**MATERIAL FOR THE TASK:**
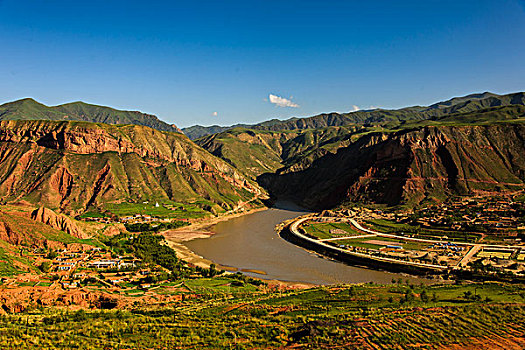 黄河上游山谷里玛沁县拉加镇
---
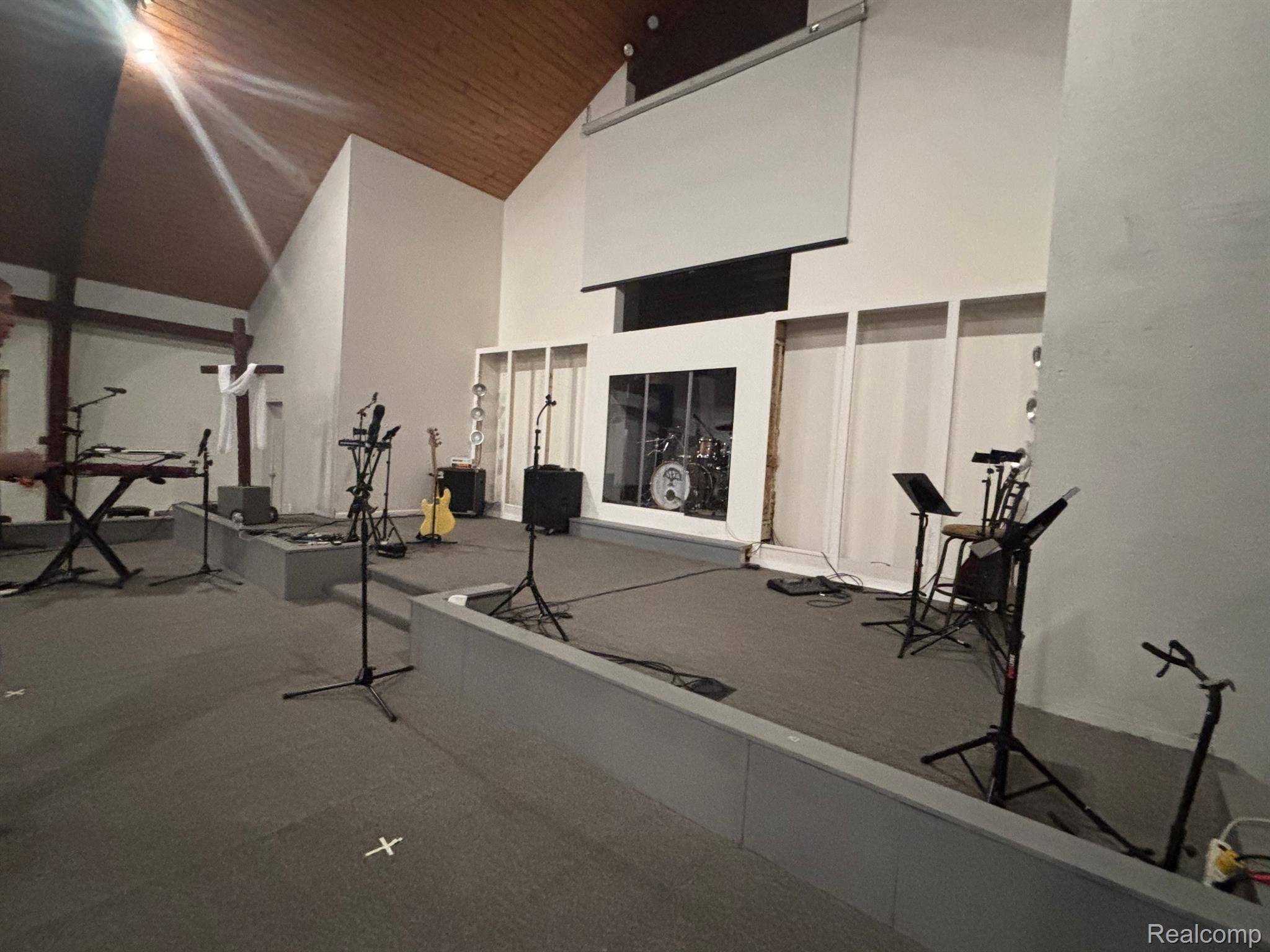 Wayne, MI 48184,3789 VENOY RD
---
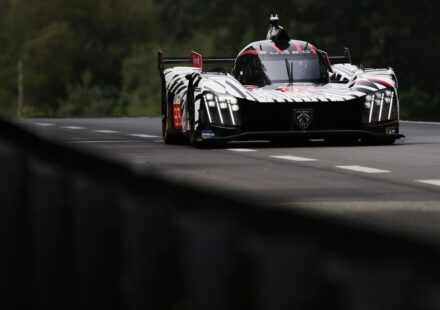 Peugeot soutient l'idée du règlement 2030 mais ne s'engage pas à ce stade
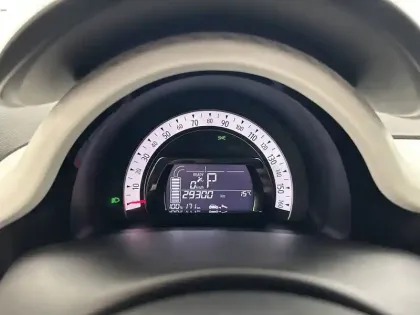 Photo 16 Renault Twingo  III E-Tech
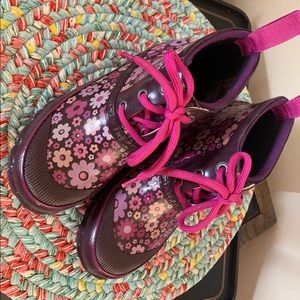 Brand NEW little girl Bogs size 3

**ABOUT THIS EXERCISE:** Text only, no pictures: please print exactly the lines above from the line with "Photo 16 Renault" up to and including the line with "Brand NEW little girl Bogs size 3", and nothing else.

**EXPECTED OUTPUT:**
 Photo 16 Renault Twingo  III E-Tech
 Brand NEW little girl Bogs size 3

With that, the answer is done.